Thursday, May 18, 2017

The Clouded Yellow, 1950

 

Trevor Howard uses his secret agent skills to help Jean Simmons escape an apparently false murder charge.

James Bond movies reportedly boosted the British "Secret Service's" public image, but this movie, made in 1950, was kind of a mixed bag. Trevor Howard is fired for a single mistake and unable to find work because he can't put being a secret agent on his resume, then the Secret Service threatens and spies on him to keep him from revealing any of their secrets. He's forced to work for a wealthy eccentric helping him catalog his butterfly collection. Jean Simmons plays his disturbed niece.

In this thing, Howard can only outsmart the cops up to a point. He karate chops a couple of guys and says Sorry, old chap, as he does it, but that's it. The revelation of who the real killer wasn't much of a surprise and I don't think it was supposed to be.

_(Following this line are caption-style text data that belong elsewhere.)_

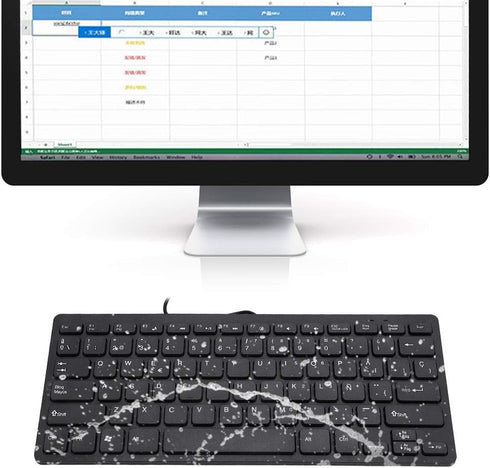 Spanish Keyboard Ñ, Mini Portable Wired Spanish Keyboard USB Interface for Desktop Computer 78 Keys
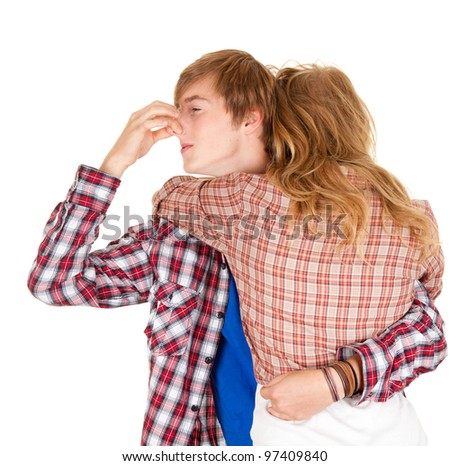 hugging woman and man, she smells hideously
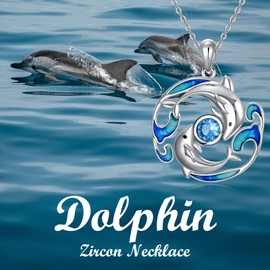 SELKAT Mother and Child Dolphin Necklace for Women,925 Sterling Silver Dolphin Pendant With 5A Cubic Zirconia Cute Animal Ocean Themes Jewelry Gift for Mother Mom Daughter Girlfriend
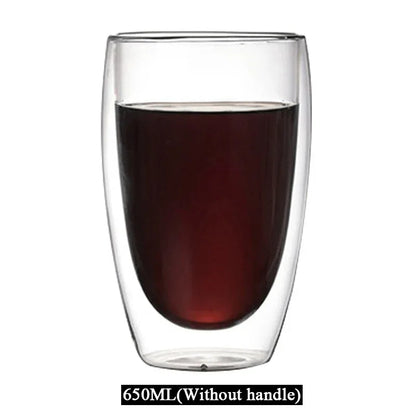 1-6PCS 80-650ml Double Wall Glass Clear Handmade Heat Resistant Tea Cups Healthy Drink Coffee Milk Mug Insulated Shot Glass Gift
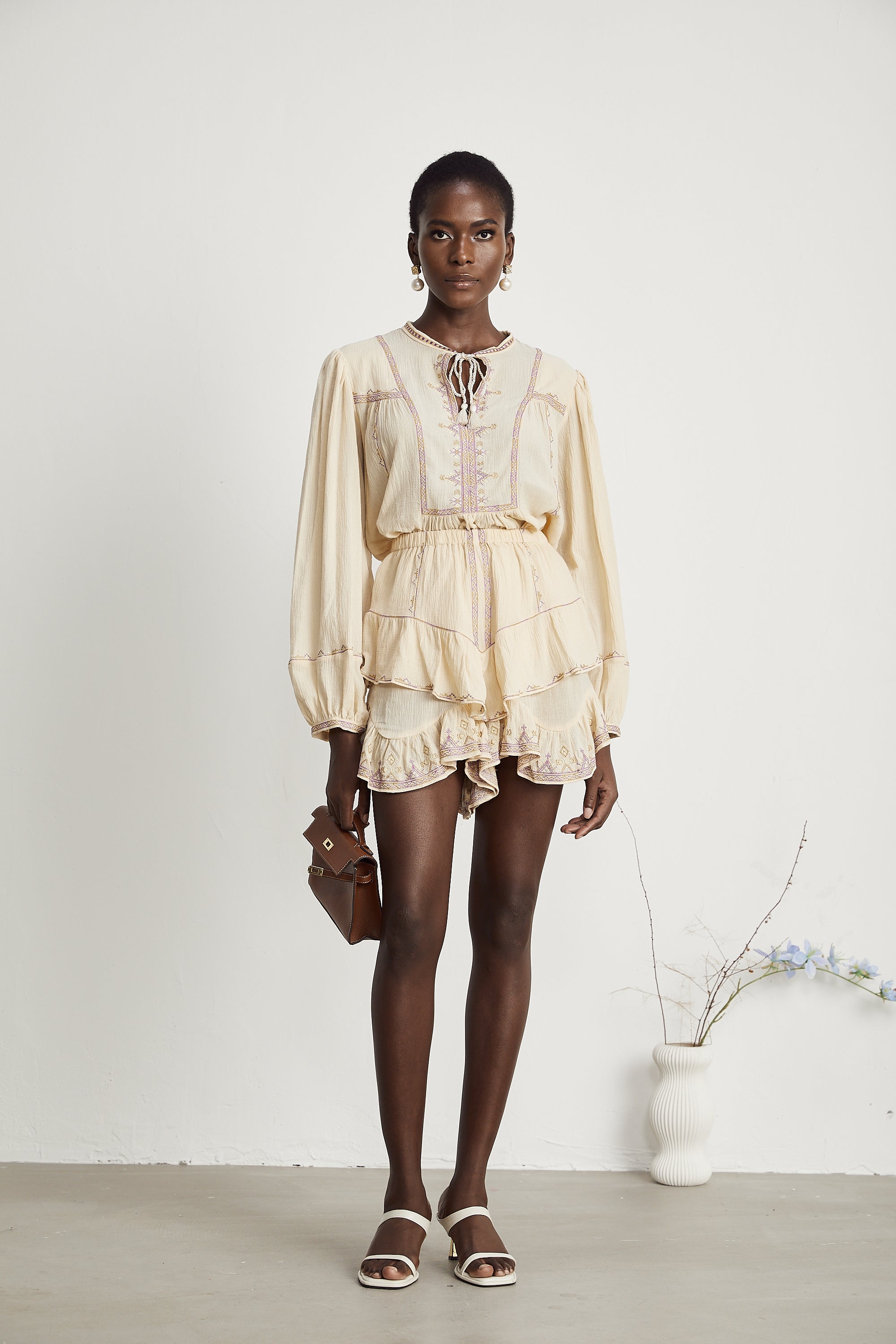 Bérénice embroidered-trim shirt & shorts matching set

There were a couple of odd things. At one point, a woman is taking her son to the bathroom on a crowded train and Howard escapes his captors by telling her he'll take the kid for her. He picks him up and carries him away and the mother is happy to let him do it. The other secret service guys are blocked by the crowd. Things were very different back then.

There's a scene where Jean Simmons is on the roof of a tall building. She runs to the edge and barely stops in time. There's no wall or railing to keep her from falling over the side. I don't know if they had some other safety apparatus but it looked terribly dangerous.

I watched this on a cheap Roku channel called "Pub-D-Hub" which carries only public domain movies. Some, like this one, are pretty good, but most are old B movies which are usually terrible. In some cases they use movies they simply recorded off TV---there are couple with the TCM logo in the corner, and some were copied from DVDs with the company logo in the corner. For this one, they had a very good copy from Janus films.